Je m’éveillai, me sentant rien moins que reposé. La fièvre, dont j’avais à peine conscience en arrivant au lazaret, et qui avait paru disparaître la veille, reprit de plus belle. J’en sentais la chaleur dans tous mes membres ; j’avais l’impression que je devais rayonner et que j’aurais été capable de faire fondre les glaciers du Sud en me promenant parmi eux. Je m’emparai de la Griffe et la serrai dans mon poing, puis la glissai dans ma bouche pendant un certain temps. La fièvre retomba, mais elle me laissa épuisé et pris de vertiges.
Le soldat vint me rendre visite ce matin-là. À la place de son armure, il portait une longue robe blanche que lui avaient donnée les pèlerines, mais il avait l’air d’avoir complètement récupéré, et il me dit espérer pouvoir partir le lendemain. Je lui répondis que j’aimerais le présenter aux amis que je venais de me faire dans cette partie du lazaret, et lui demandai s’il se souvenait de son nom.

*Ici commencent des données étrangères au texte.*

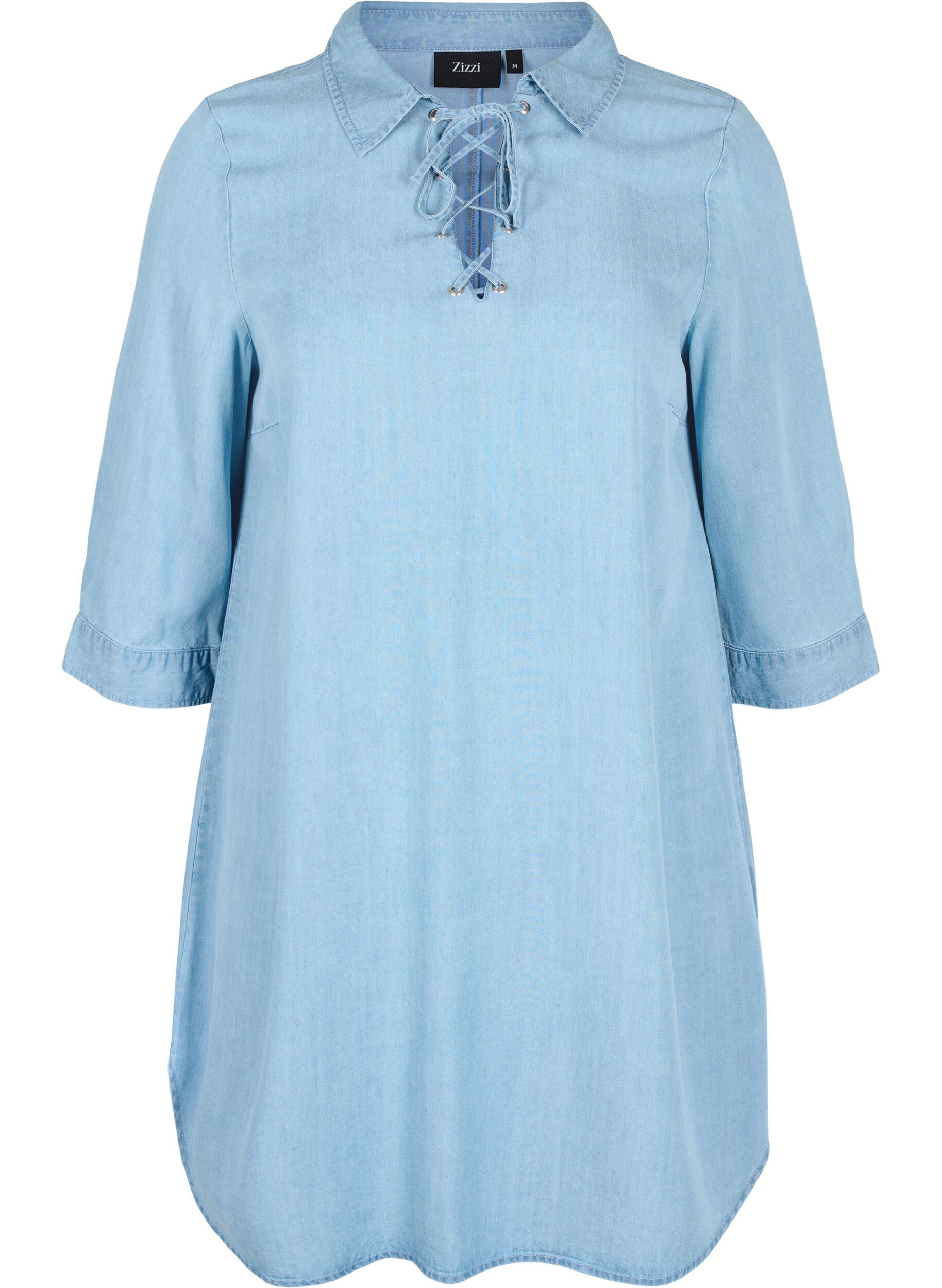Zizzi Tunic with 3/4 sleeves, Light blue denim, Packshot image number 0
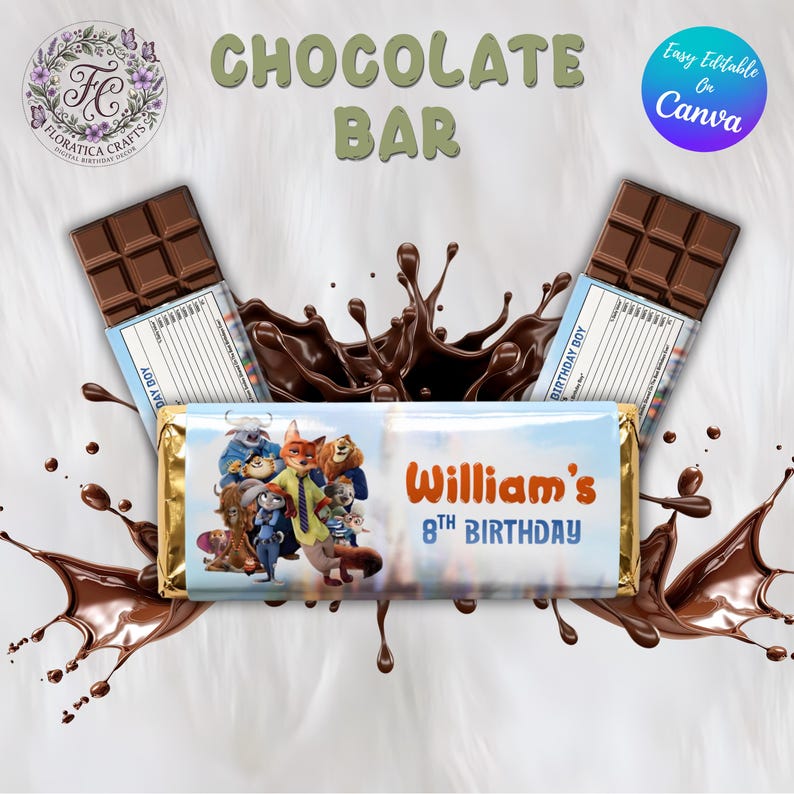 May include: A chocolate bar with a custom wrapper featuring cartoon characters and the text "William's 8th Birthday." Two chocolate bars are displayed with the wrappers open. The words "CHOCOLATE BAR" are at the top.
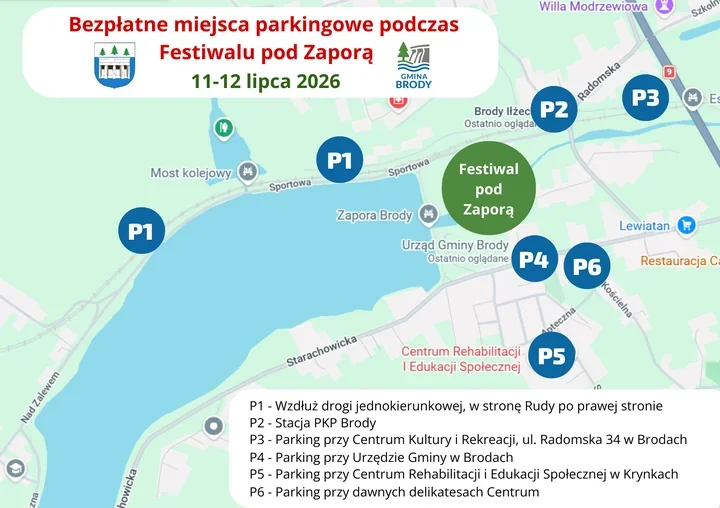 Sześć bezpłatnych parkingów na Festiwal pod Zaporą. Gmina Brody stawia na porządek
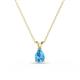 1 - Jassiel 6x4 mm Pear Cut Blue Topaz Double Bail Solitaire Pendant Necklace 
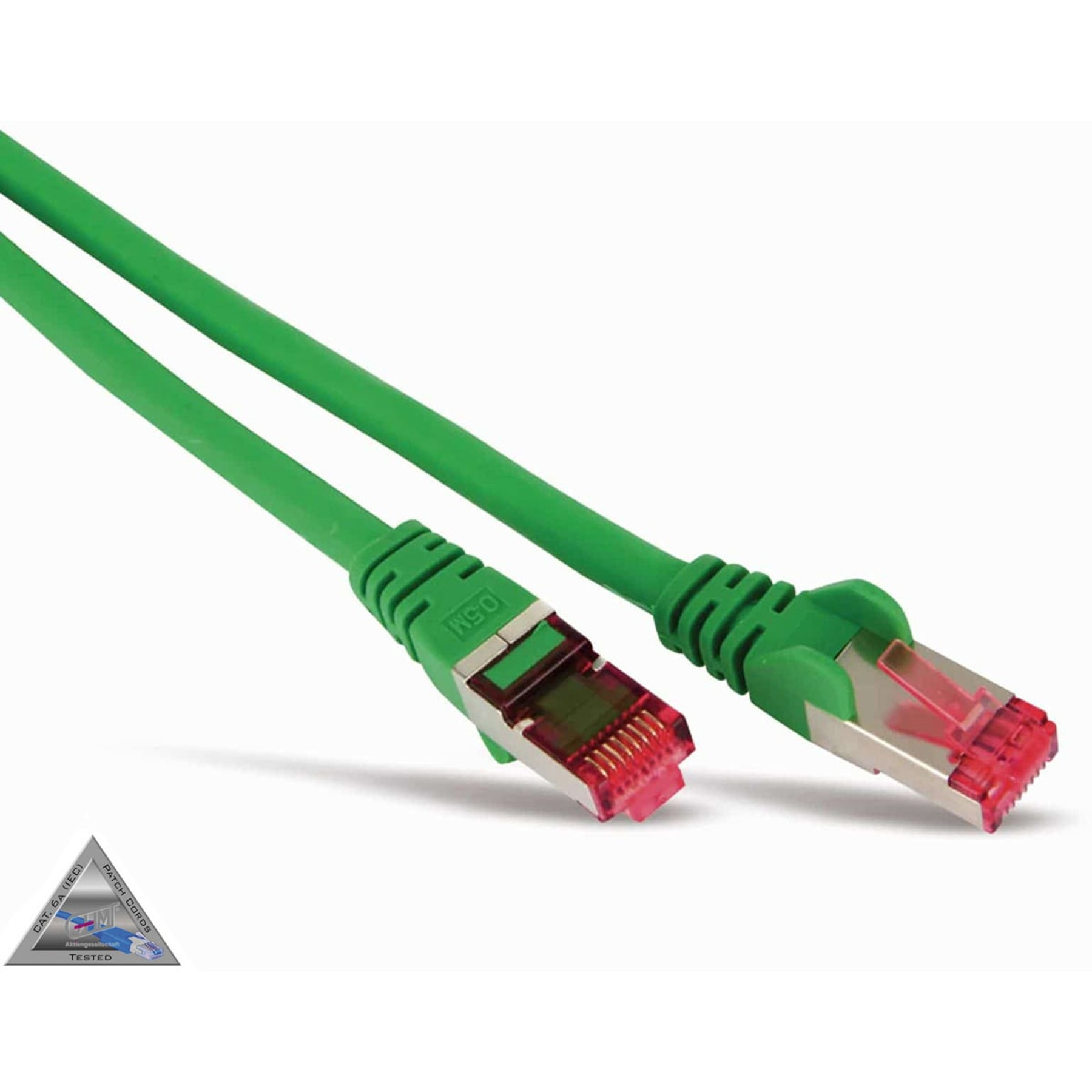 Grünes Ethernet-Kabel mit Steckern. Stecker haben rote und goldene Kontakte.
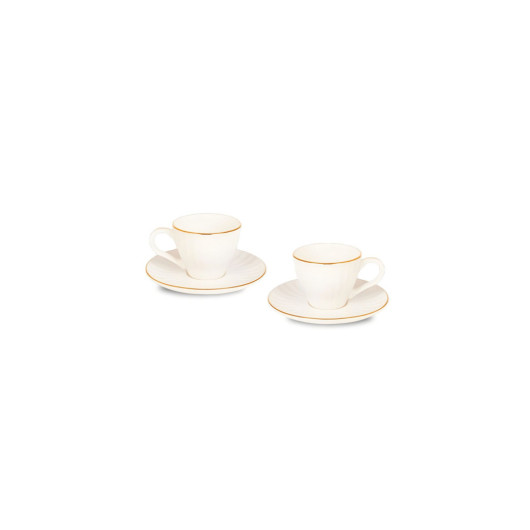 Porcelain Coffee Cup Set With Tray For 2 Persons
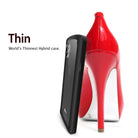 Google Nexus 5 Case | Fusion - Black - A thin black phone case leaning against a glossy red high-heeled shoe.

Il secoua la tête. « Je ne me rappelle que très peu de chose. J’espère que lorsque je rejoindrai l’armée, je finirai par tomber sur quelqu’un m’ayant connu. »
Je le présentai quand même aux autres, le baptisant Milès[Miles: soldat, en latin.], faute de mieux. Je ne connaissais pas non plus le nom de l’Ascien, et découvris que tout le monde l’ignorait, même Foïla. Lorsque nous le lui demandâmes, il se contenta de répondre : « Je suis fidèle au groupe des Dix-sept. »
Pendant un moment, Foïla, Méliton, le soldat et moi-même bavardâmes entre nous ; Méliton eut l’air d’apprécier Milès peut-être simplement à cause de la vague ressemblance qui existait entre son nom et celui que j’avais inventé. Puis Milès m’aida à m’asseoir sur le lit et, baissant la voix, me dit : « Il faut maintenant que je te parle en privé. Comme je te l’ai dit, je pense pouvoir partir d’ici dès demain matin. Mais d’après ce que je vois, tu en as encore pour plusieurs jours, peut-être même pour deux semaines. Il se peut que je ne te revoie jamais.